Finnish Cannabis Association (FCA)
- Formation: 1990
- Purpose: Legalisation or decriminalisation of cannabis.
- Website: www.suomenkannabisyhdistys.com

= Finnish Cannabis Association =

Organisation based in Finland

The Finnish Cannabis Association (FCA; Suomen kannabisyhdistys; Finlands Cannabisförening, commonly referred to by the acronym SKY) is a Finnish non-governmental organisation whose purpose is to advocate legalisation or decriminalisation of cannabis.

The FCA started operating in 1990 and was officially established in 1991. According its mission statement, the purpose of the association is to influence the Finnish legislation so that adults could legally use, obtain and cultivate cannabis for personal use. The FCA also studies the use of cannabis in different cultures during different times.

The association had 36 members in 1991, and about 650 in 2000.

== History ==
===Background===
Over the years the FCA has faced many hardships in Finland, where a lot of the population do not make practically any distinction between different illegal drugs (huumeet), such as cannabis and heroin. Reasons for this include the fact that the use of cannabis has generally been much less common in Finland than in other EU countries, and that the tradition of "drug education", based mainly in intimidation and modeled after practices from the United States and Sweden, is still quite strong in schools and the media. According to the traditional Finnish mindset, it is preferable to lose control with alcohol or to even use it excessively over long periods of time, than to experiment with cannabis, which is seen both as very dangerous in itself and as a "gateway drug".

===Legal status===
The Finnish Cannabis Association first applied for the status of a registered association (rekisteröity yhdistys, ry) in 1991, but the association register office maintained by the Finnish Ministry of Justice, and later the Supreme Administrative Court have rejected the application. The ministry based their rejection, in 1993, on the grounds that the purpose of FCA is "against good customs so that the expressed purpose is contrary to the views about justice and morality prevailing in our society". As of 2005, the FCA still has not obtained the status of a registered association.
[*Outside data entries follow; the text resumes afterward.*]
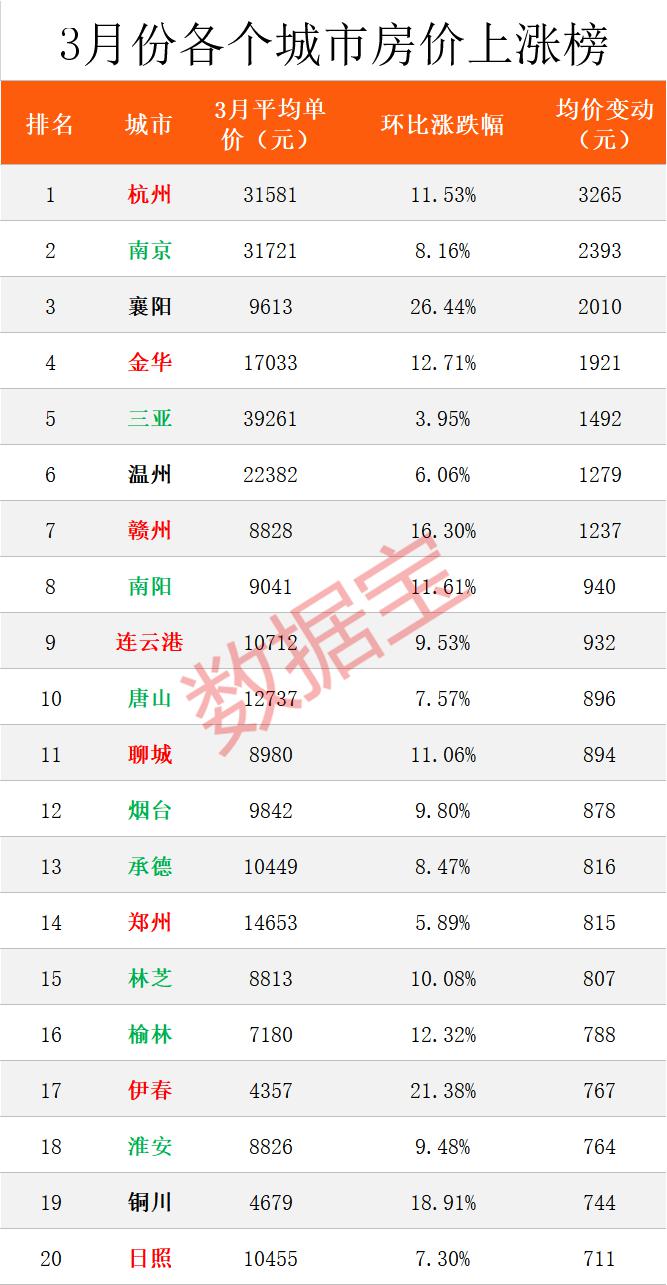 GDP60年排名_gdp全国排名(3)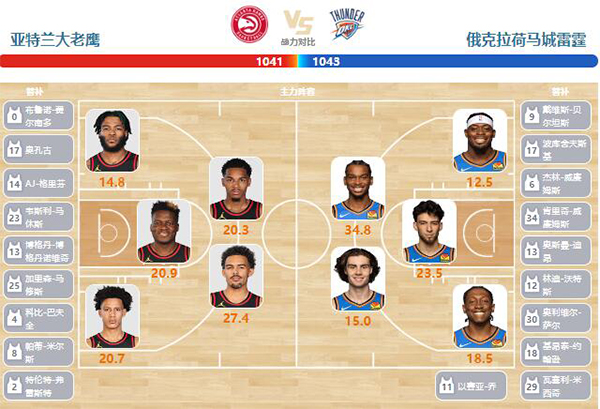 2024年01月04日NBA常规赛 雷霆vs老鹰直播比赛前瞻分析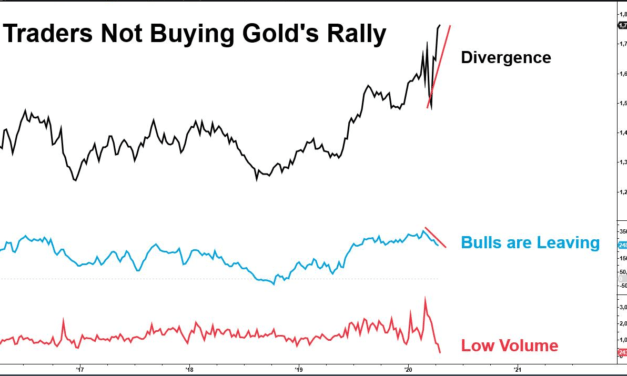 Don’t Buy Into Gold’s Rally Just Yet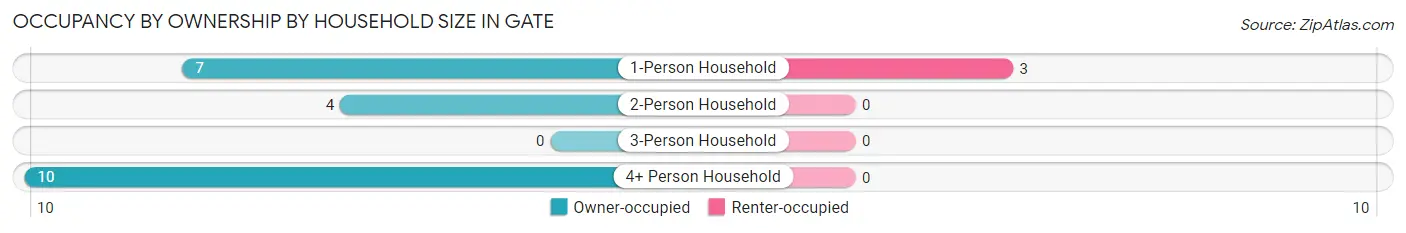 Occupancy by Ownership by Household Size in Gate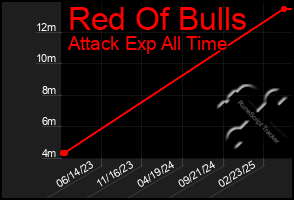 Total Graph of Red Of Bulls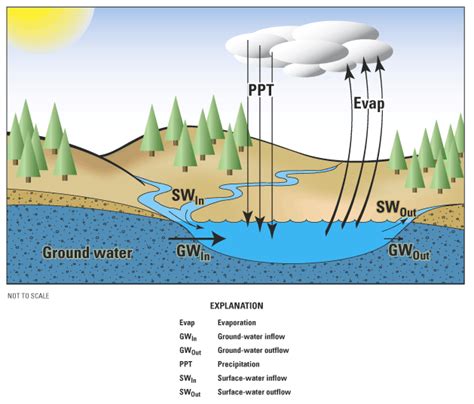 Evapotranspiration Dr Anne Jeffersons Watershed Hydrology Lab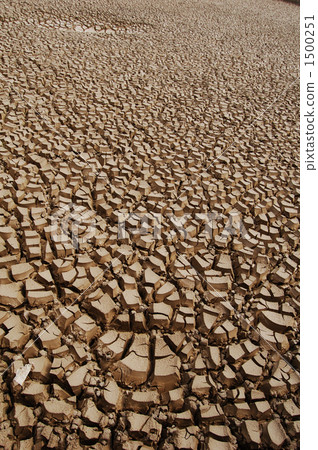 Extreme weather and environmental problems 1500251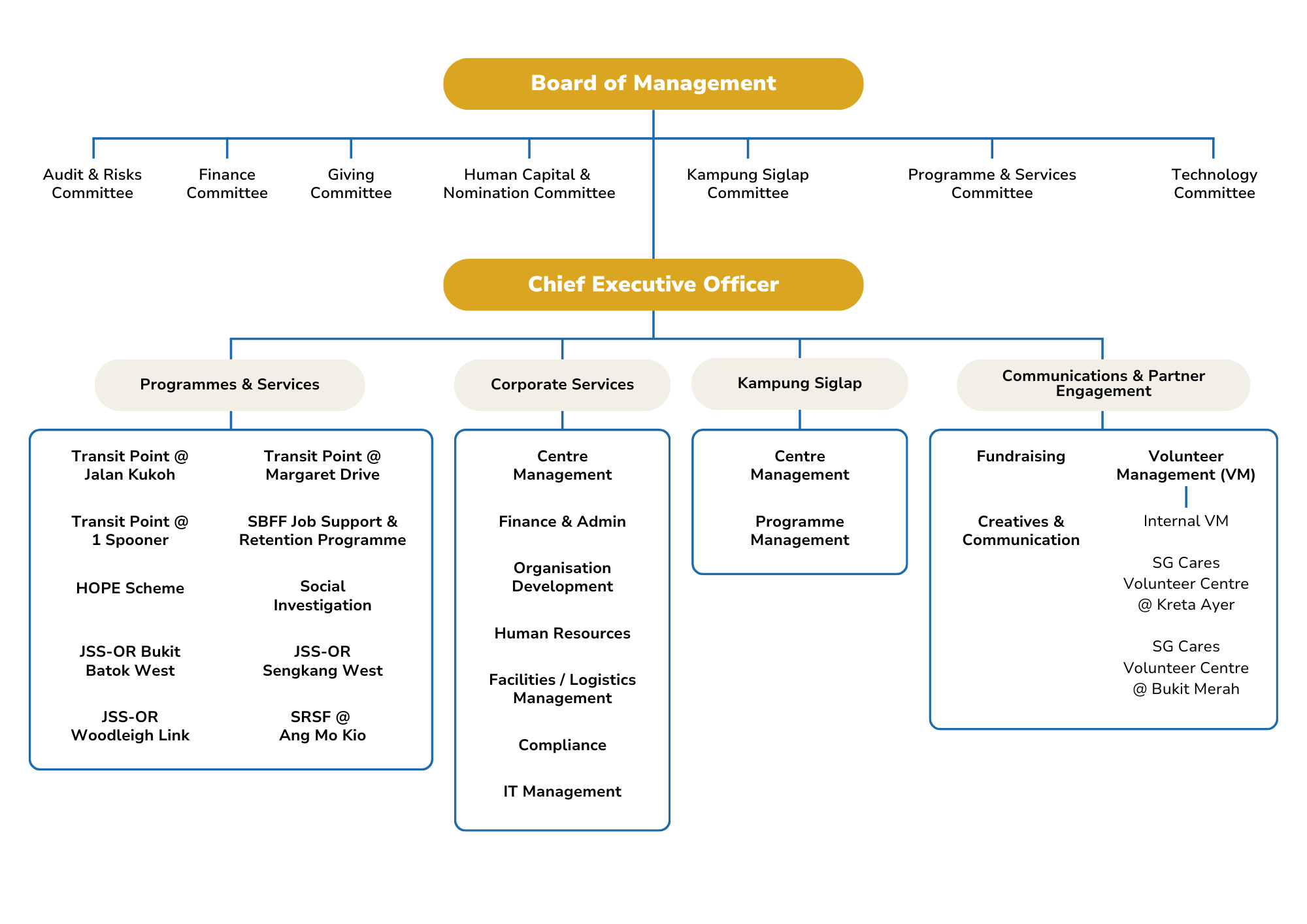 New Hope Community Services’ Organisational Chart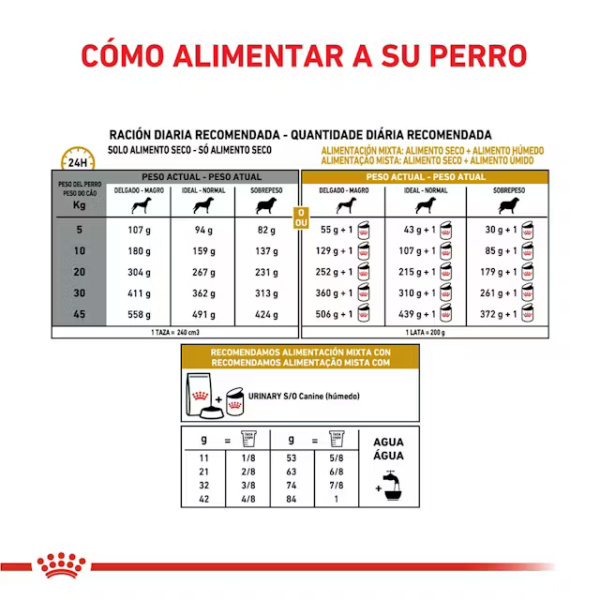 ROYAL CANIN URINARY S/O PERRO - Imagen 5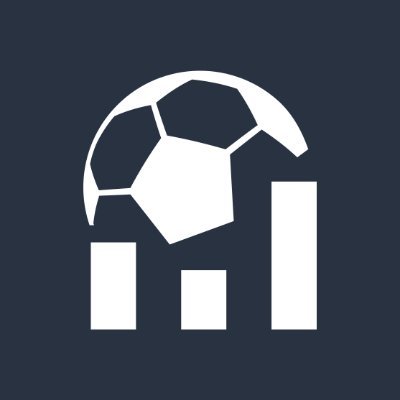 Made by coaches, for coaches. The best way to Track Football Match Stats together. Track and share football statistics from your games collaboratively.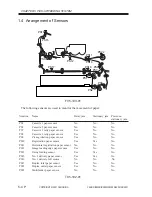 Preview for 228 page of Canon iR2200 Series Service Manual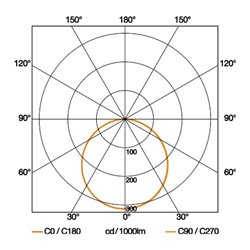 Steinel LED-Strahler weiß XLED PRO 240 WS V2
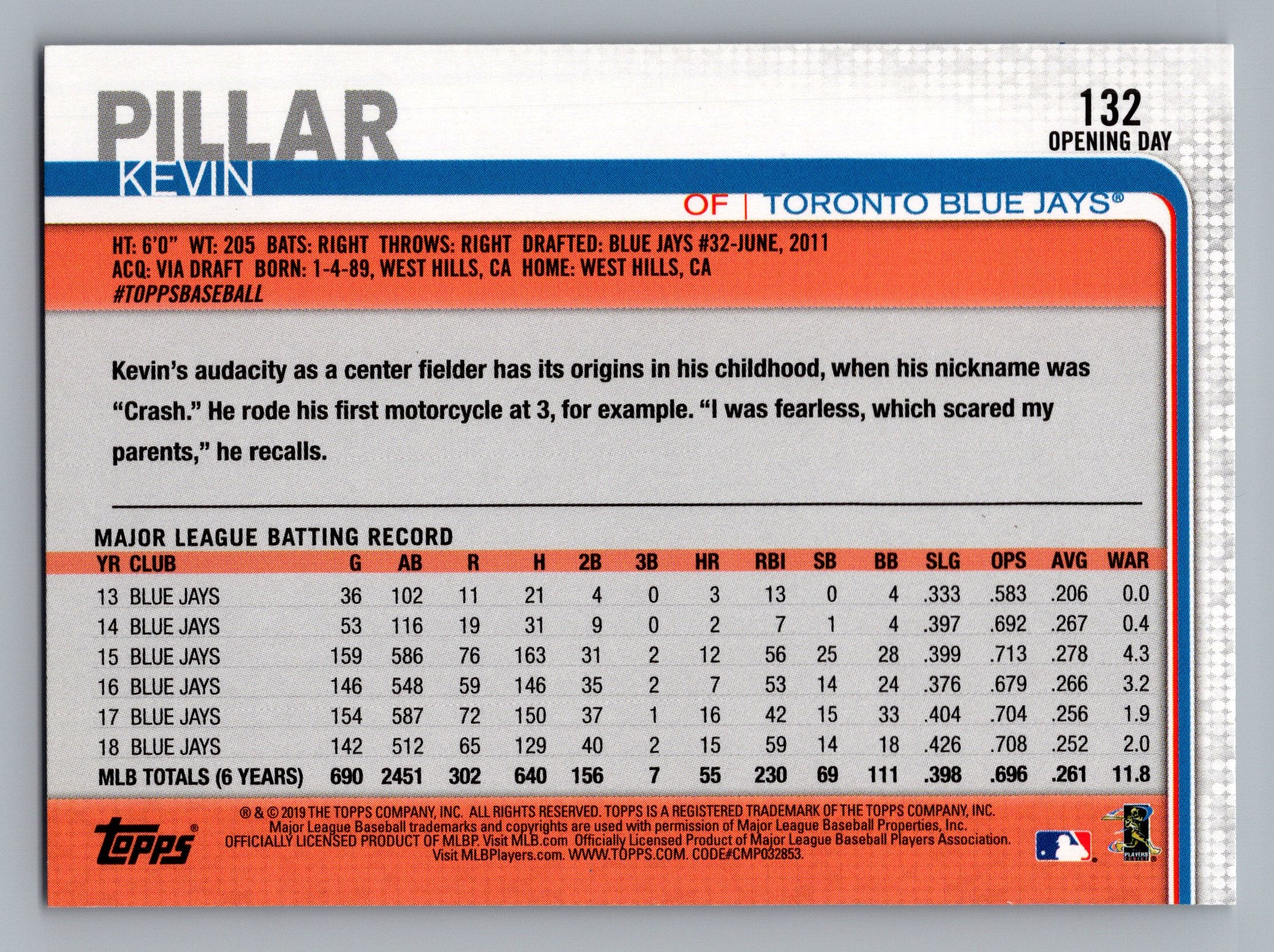 2019 Topps Opening Day #132 Kevin Pillar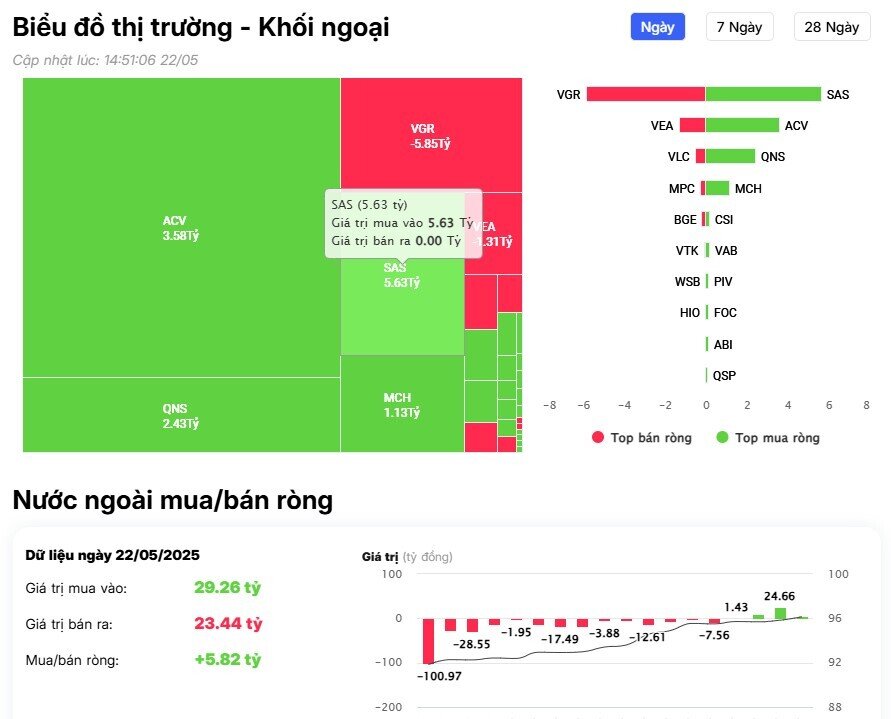 Khối ngoại chi hơn 500 tỷ đồng gom 4 mã Bluechips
In 1991 two members of the Finnish parliament representing the Finnish Agrarian Party (now True Finns) made an inquiry on the legality of the operation of FCA, with the aim of putting an end to the cannabis organisation. The Ministry of the Interior, which carried out the inspection, responded that "the association has not operated fundamentally against the law or good customs".

===Activities===
The FCA has attained some credibility, by e.g. taking part in public drug policy discussions and debates, and occasionally co-operating governmental health sector organisations as well as with other harm reduction groups. However, a long-standing problem for the association has been that it is not always taken seriously, and instead is dismissed by many as a "bunch of drugged-out hippies".

In recent years perhaps the most visible FCA activity has been the annual cannabis march (Hamppumarssi, part of the global Million Marijuana March demonstrations) in Helsinki. (Similar marches in other Finnish cities have been organised by other loose pro-cannabis groups, perhaps reflecting a Helsinki-centric nature of the FCA.) However, among the rising, largely internet-based, cannabis "subculture" in Finland, the FCA has sometimes been criticised for stagnating and lack of activity.

On 22 April 2024, a citizens' initiative to legalise cannabis in Finland with 54,000 signatures was delivered to the Parliament of Finland by the deputy chairman of the FCA, Coel Thomas.